By Erin MacNeil - 03:00

I feel like, at this point, we all know Philippa Gregory and what to expect. On top of that, if you're into Tudor history then you already know the ending. Actually, the fact that we even have that part of British history termed as Tudor History is a bit of a spoiler - not so much for this book, but for bits of the series in general. It's not a good spoiler, but still. So, we know Philippa Gregory, we know we're in for some historical fiction, and we know there is going to be a fair amount of battle, deception, and sex. But what else can be expected from The White Queen?

The White Queen is about Elizabeth Woodville, a woman who married King Edward IV in secret (and, eventually, becomes grandmother to a boy named Henry who became Henry VIII) and becomes queen consort until Edward's untimely death. During this time the House of York faces great instability in their claim to the throne, battles, and a growing number of heirs, all of whom unseat Edward's super-not-jealous brothers in their claims to the English throne. The White Queen chronicles Elizabeth's struggles to both keep her children safe and to keep safe their rightful place as the royal family.
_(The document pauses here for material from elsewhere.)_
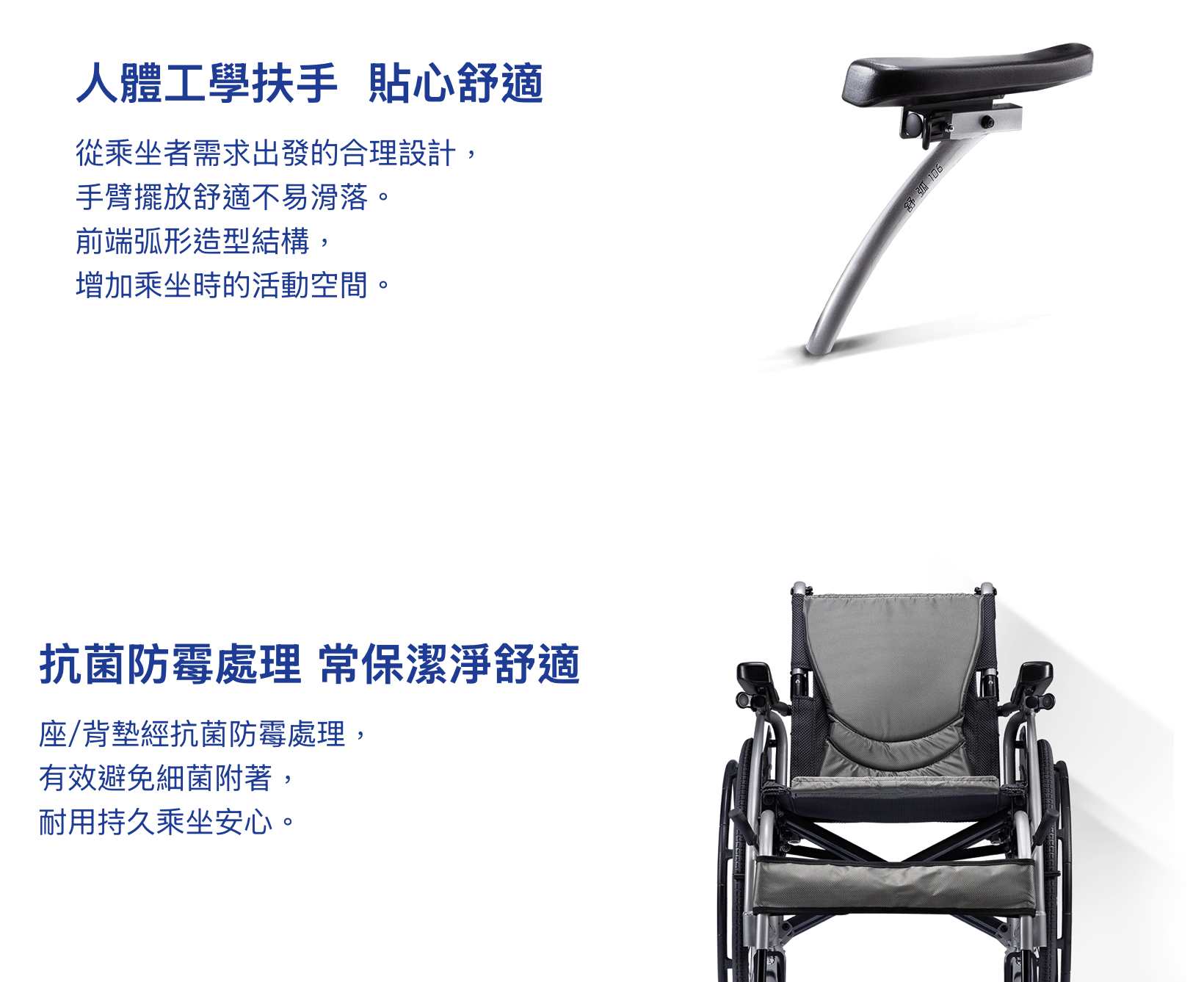  舒弧106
Honestly, I'm not a Yorkist, I fully support the Lancasters in the cousins war. Maybe it's a bias because (spoiler) the Lancasters win, but that's just life. So, I did have a difficult time getting on board with a story about the attempt to keep the Yorks on the throne. That, paired with the element of mythology intertwined with the Woodville women, resulted in my taking a very long time to finish The White Queen and not really enjoying it.
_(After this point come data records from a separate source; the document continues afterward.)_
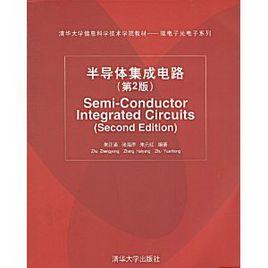 半導體積體電路(第2版) 半導體積體電路(第2版)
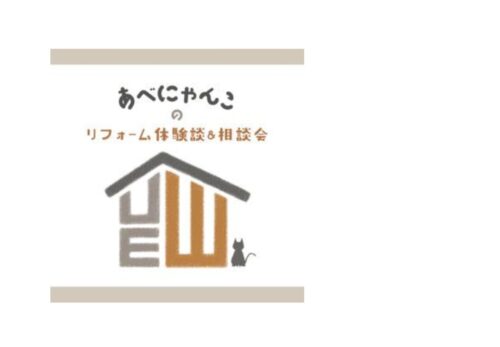 seminar| 11/11sat あべにゃんこのリフォーム体験談＆相談会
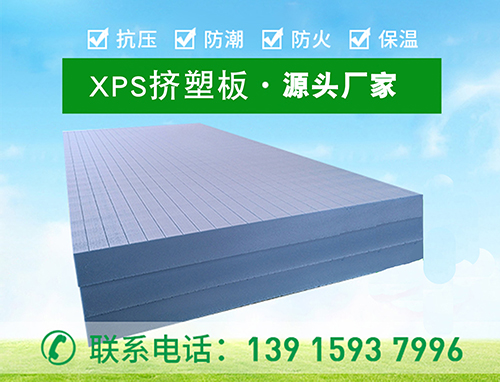 地暖用xps擠塑板的施工注意事項—江蘇歐格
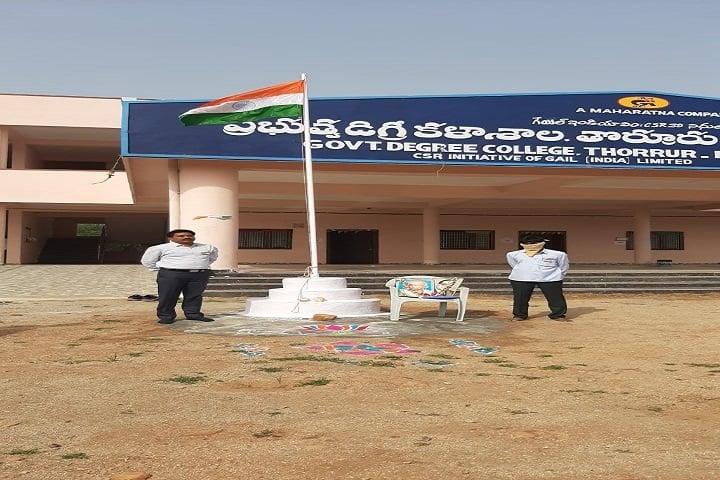 Government Degree College campus in Warangal, Telangana, India — photo 2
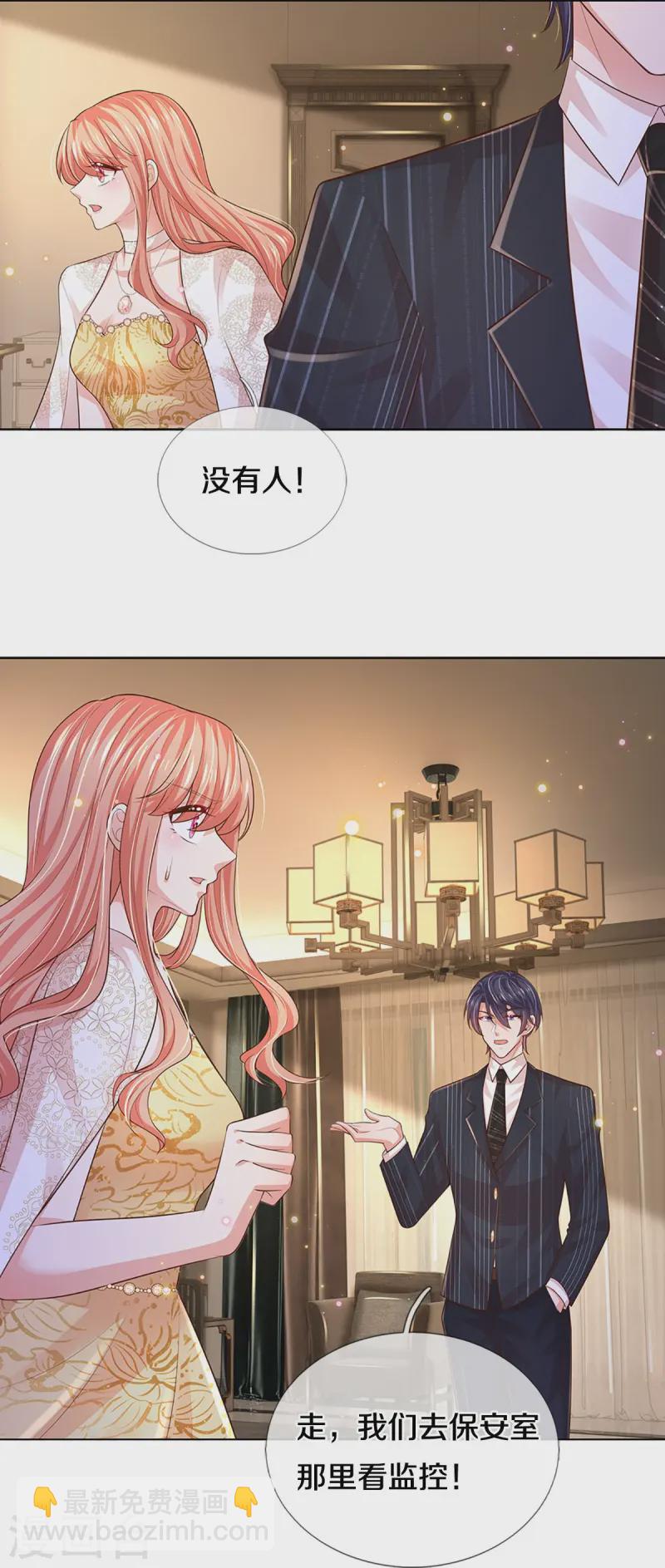 🍟妈咪快跑：爹地追来了 第414话 有钱能使鬼推磨 第6页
But, beyond that, I think my main issue with the book is that Elizabeth was not particularly interesting to me. While I did appreciate parts of the story, I don't know if her story deserved its own book. Topics such as Elizabeth's meeting and secret marriage to Edward, or the disappearance of her two sons while being held in the Tower of London would have made really interesting pieces, but I didn't really want the middle bits of the story. Ideally, those interesting moments would have made great novellas or short stories or something like that.

Ultimately, I think the basics of Elizabeth Woodville's life are more interesting than the historical fiction version of her life. All that said, however, Philippa Gregory's stories are always really well done. She researches really thoroughly and really brings history to life when she writes. Unfortunately, this particular book is not my cup of tea, but it is well done, well researched, and well imagined. Plus, it's always nice to believe that at least one of those two princes lived.